On Mon, 2015-10-05 at 07:20 +0000, Bhushan Bharat wrote:
> 
> 
> > -----Original Message-----
> > From: Alex Williamson [mailto:alex.william...@redhat.com]
> > Sent: Saturday, October 03, 2015 4:17 AM
> > To: Bhushan Bharat-R65777 <bharat.bhus...@freescale.com>
> > Cc: kvm...@lists.cs.columbia.edu; kvm@vger.kernel.org;
> > christoffer.d...@linaro.org; eric.au...@linaro.org; pranavku...@linaro.org;
> > marc.zyng...@arm.com; will.dea...@arm.com
> > Subject: Re: [RFC PATCH 5/6] vfio-pci: Create iommu mapping for msi
> > interrupt
> > 
> > On Wed, 2015-09-30 at 20:26 +0530, Bharat Bhushan wrote:
> > > An MSI-address is allocated and programmed in pcie device during
> > > interrupt configuration. Now for a pass-through device, try to create
> > > the iommu mapping for this allocted/programmed msi-address.  If the
> > > iommu mapping is created and the msi address programmed in the pcie
> > > device is different from msi-iova as per iommu programming then
> > > reconfigure the pci device to use msi-iova as msi address.
> > >
> > > Signed-off-by: Bharat Bhushan <bharat.bhus...@freescale.com>
> > > ---
> > >  drivers/vfio/pci/vfio_pci_intrs.c | 36
> > > ++++++++++++++++++++++++++++++++++--
> > >  1 file changed, 34 insertions(+), 2 deletions(-)
> > >
> > > diff --git a/drivers/vfio/pci/vfio_pci_intrs.c
> > > b/drivers/vfio/pci/vfio_pci_intrs.c
> > > index 1f577b4..c9690af 100644
> > > --- a/drivers/vfio/pci/vfio_pci_intrs.c
> > > +++ b/drivers/vfio/pci/vfio_pci_intrs.c
> > > @@ -312,13 +312,23 @@ static int vfio_msi_set_vector_signal(struct
> > vfio_pci_device *vdev,
> > >   int irq = msix ? vdev->msix[vector].vector : pdev->irq + vector;
> > >   char *name = msix ? "vfio-msix" : "vfio-msi";
> > >   struct eventfd_ctx *trigger;
> > > + struct msi_msg msg;
> > > + struct vfio_device *device;
> > > + uint64_t msi_addr, msi_iova;
> > >   int ret;
> > >
> > >   if (vector >= vdev->num_ctx)
> > >           return -EINVAL;
> > >
> > > + device = vfio_device_get_from_dev(&pdev->dev);
> > 
> > Have you looked at this function?  I don't think we want to be doing that
> > every time we want to poke the interrupt configuration.
> 
> I am trying to describe what I understood, a device can have many interrupts 
> and we should setup iommu only once, when called for the first time to 
> enable/setup interrupt.
> Similarly when disabling the interrupt we should iommu-unmap when called for 
> the last enabled interrupt for that device. Now with this understanding, 
> should I move this map-unmap to separate functions and call them from 
> vfio_msi_set_block() rather than in vfio_msi_set_vector_signal()

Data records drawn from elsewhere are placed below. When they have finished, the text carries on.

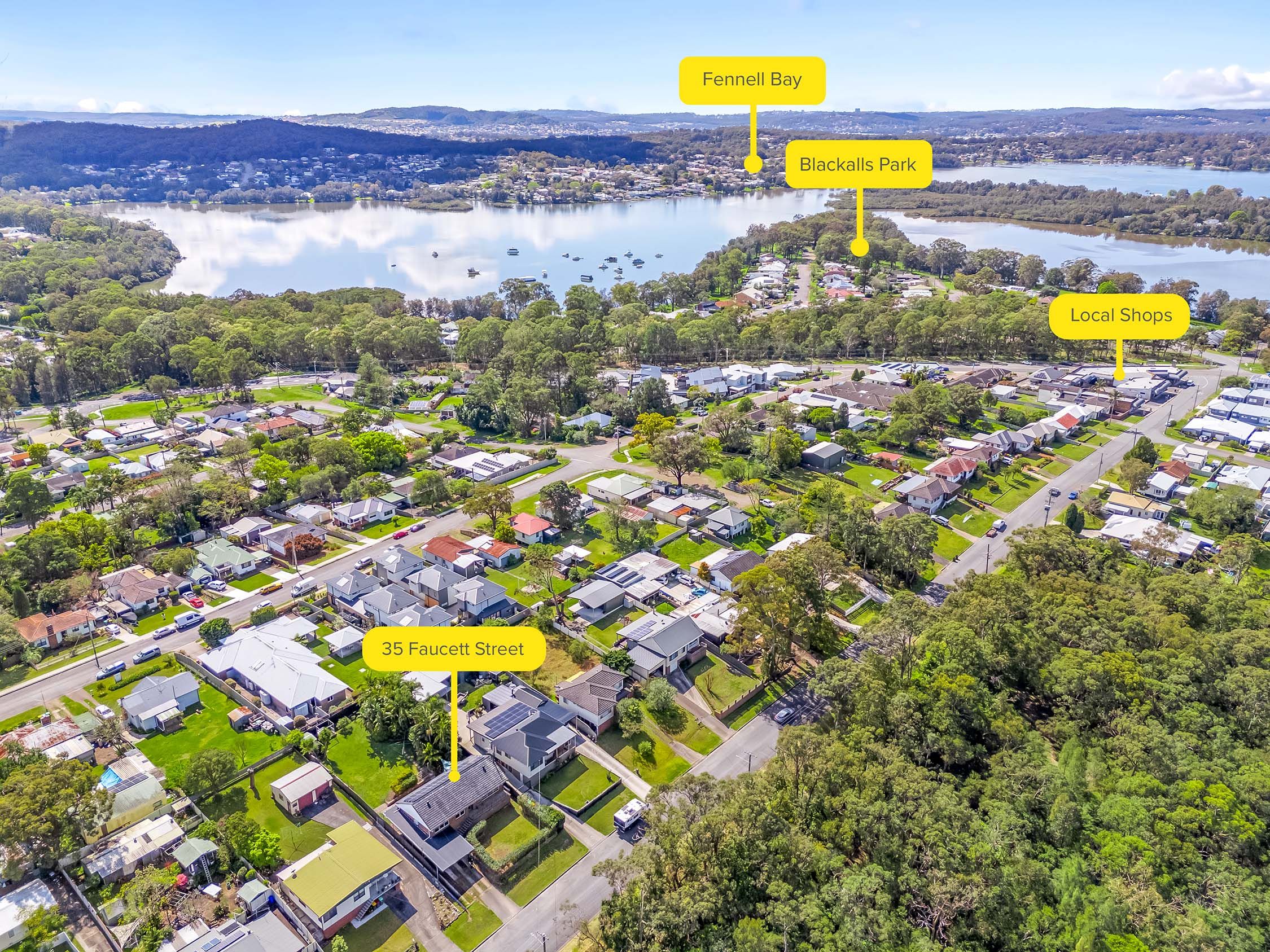 35 Faucett Street, Blackalls Park, NSW 2283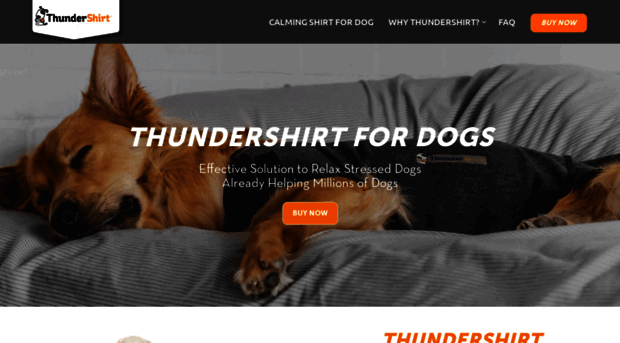 thundershirt.co.uk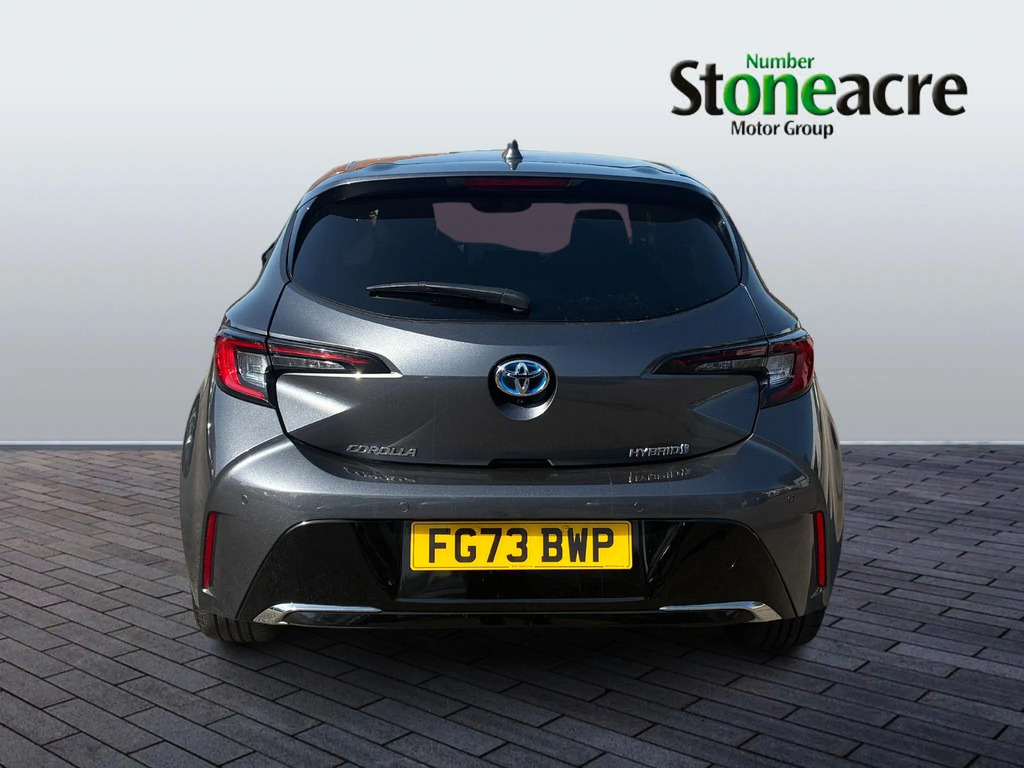 Toyota Corolla 2.0 Vvt-h Excel Cvt Euro 6 Ss  #6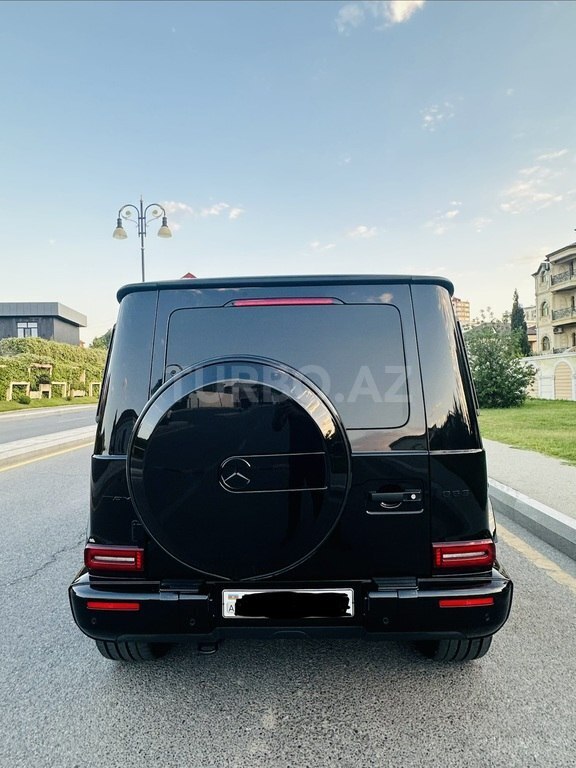 Mercedes G 63 AMG
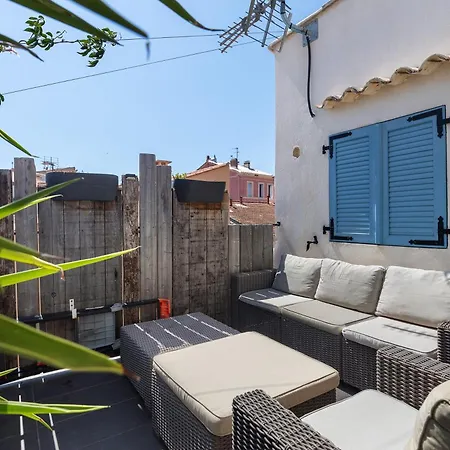 Appartamento Terrasse Sur Le Port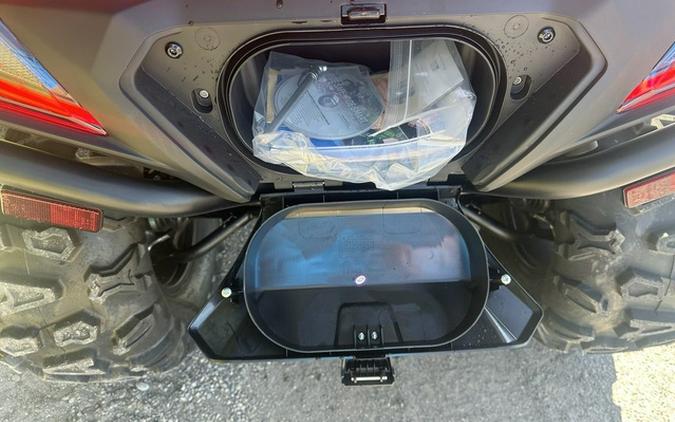 2026 CFMOTO CFORCE 600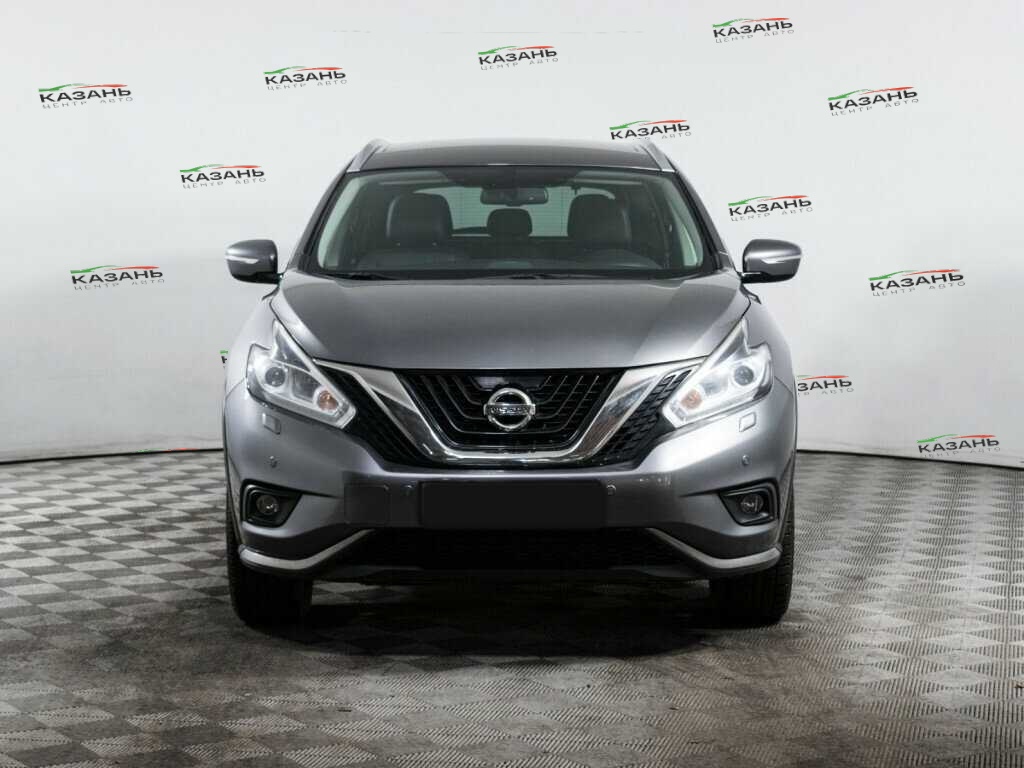 Купить Nissan Murano с пробегом. Фото: #1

Interrupts can be setup and torn down at any time and I don't see how
one function or the other makes much difference.
vfio_device_get_from_dev() is enough overhead that the data we need
should be cached if we're going to call it with some regularity.  Maybe
vfio_iommu_driver_ops.open() should be called with a pointer to the
vfio_device... or the vfio_group.

> >  Also note that
> > IOMMU mappings don't operate on devices, but groups, so maybe we want
> > to pass the group.
> 
> Yes, it operates on group. I hesitated to add an API to get group. Do you 
> suggest to that it is ok to add API to get group from device.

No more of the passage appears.